S2E is a platform for in-vivo analysis of software systems that combines a virtual machine with symbolic execution. Users install and run in S2E any unmodified x86 or ARM software stack, including programs, libraries, the OS kernel, and drivers. Symbolic execution then automatically explores hundreds of thousands of paths through the system, allowing users to check desired properties even in corner-case situations and at any level of the software stack. S2E works on unmodified binaries, does not require writing code in special languages, or model the environment.

We will discuss how S2E addresses scalability challenges that users face when building analysis tools. In particular, we will show how techniques such as fuzzing, concolic execution, state merging, function summaries, execution consistency models, static analysis, hardware acceleration, etc. can be used and combined in S2E in order to build analysis tools that scale to entire binary software stacks.

Paulo Tabuada, University of California at Los Angeles

Synthesizing Robust Cyber-Physical Systems

Programming Cyber-Physical Systems (CPS) is notoriously difficult due to the tight interactions between cyber and physical components.
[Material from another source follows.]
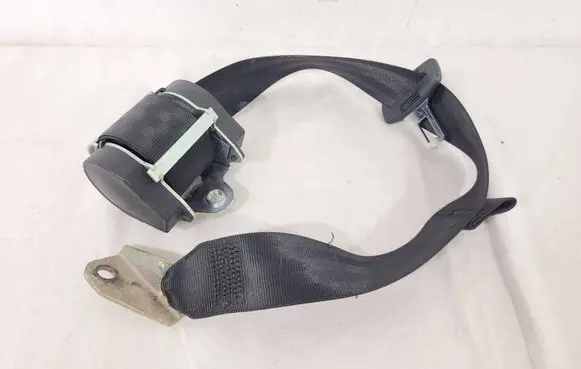 Volkswagen Golf V Rear seatbelt 606471200 000090V 141105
Yet, some of the most exciting technological developments in the last decade have resulted in fairly complex CPS such as self-driving cars or humanoid robots that are able to walk and run in unstructured environments. Rather than focusing on the verification of CPS, this tutorial will focus on the synthesis of software for complex CPS from high-level specifications. We will discuss how the differential equation models for physical components can be abstracted to finite-state models and how software synthesized for these abstractions can be refined to software acting on the physical components. We will also discuss how properties are preserved by this abstraction-based approach to synthesis so that we understand the extent to which specifications are enforced by the synthesized software. In addition to satisfy the specifications by construction, the synthesized software should also satisfy the specifications robustly in the sense that small deviations from the environment assumptions should only lead to small deviations from the specified behavior. We will discuss different ways of specifying and synthesizing software for robustness. The theoretical results will be illustrated with concrete case studies such as a bipedal robot for which we synthesized the software making it walk.
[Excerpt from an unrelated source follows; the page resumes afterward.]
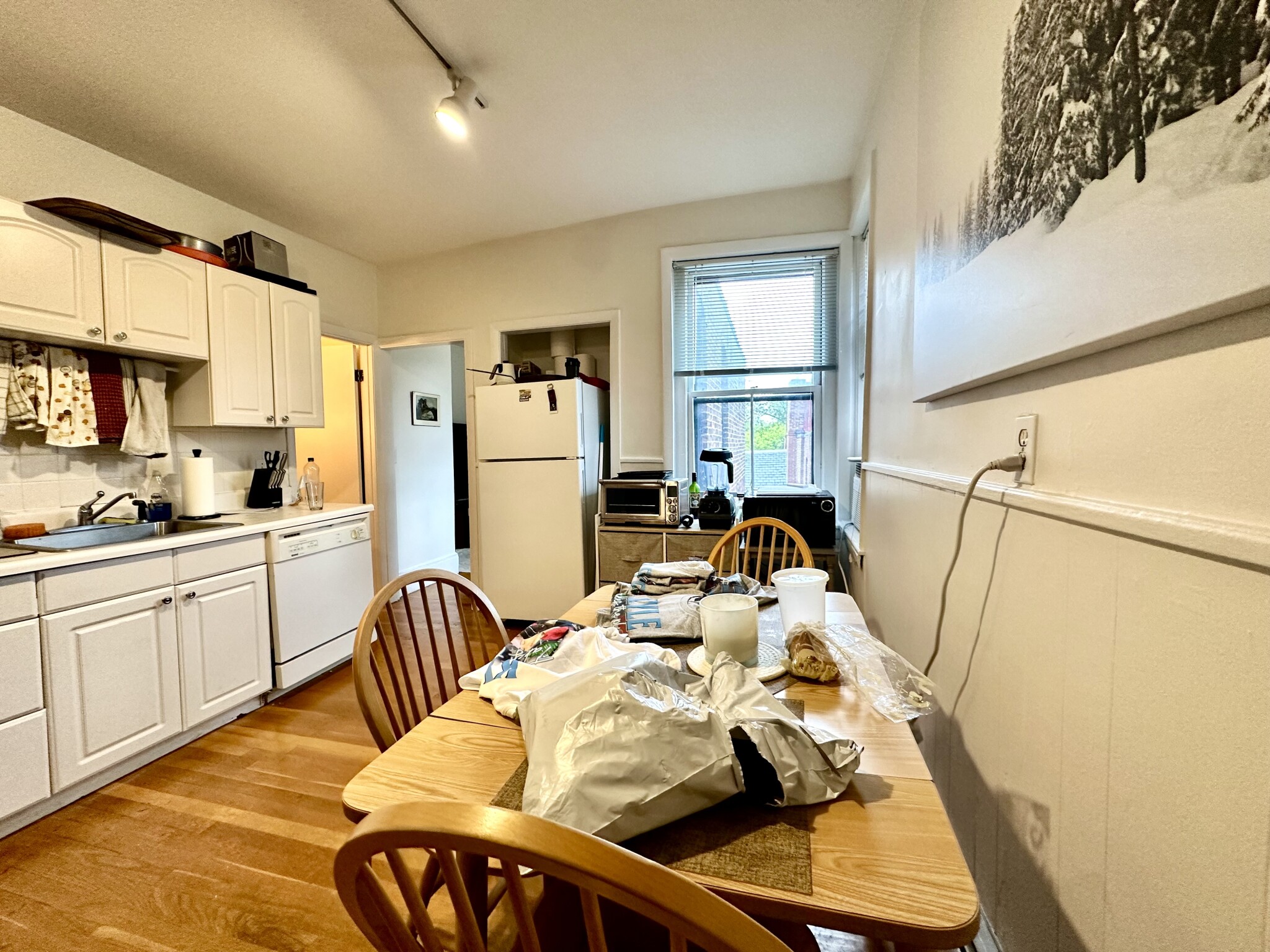 17 Irving St, Beacon Hill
Martin Vechev and Pavol Bielik, ETH 

Machine Learning for Programs

The increased availability of massive codebases, sometimes referred to as “Big Code”, creates a unique and emerging opportunity for new kinds of programming techniques and tools based on probabilistic models. Similar to how deep learning systems work for other domains (e.g., computer vision), these approaches will extract useful information from existing codebases and use that information to provide statistically likely solutions to problems that are difficult or impossible to solve with traditional techniques. An example of such a system is JSNice (JSNice.org) — a tool we recently released and one that can statistically de-minify JavaScript code and predict useful semantic properties of programs. By now, the system has become quite popular and is currently being used by > 100,000 users worldwide. In this tutorial, we will discuss how to build such probabilistic programming systems. The tutorial is self-contained and will include both: (i) an introduction to several broadly applicable machine learning models suitable for learning from programs, such as probabilistic graphical models, deep neural nets, decision trees and probabilistic grammars (including ways to train and perform inference with these), and (ii) a hands-on session where participants will apply the theory to build a probabilistic programming system using the recently released Nice2Predict.org framework (upon which JSNice is built). In the process we will highlight connections to classic program analysis and synthesis, interplay with probabilistic programming and discuss several new research directions. By the end of the tutorial, the participant should have: (i) learned the fundamentals, pros and cons of several machine learning models, (ii) learned how to combine these models with programming languages concepts, and (iii) learned how to build a statistical programming tool using the concepts in the tutorial.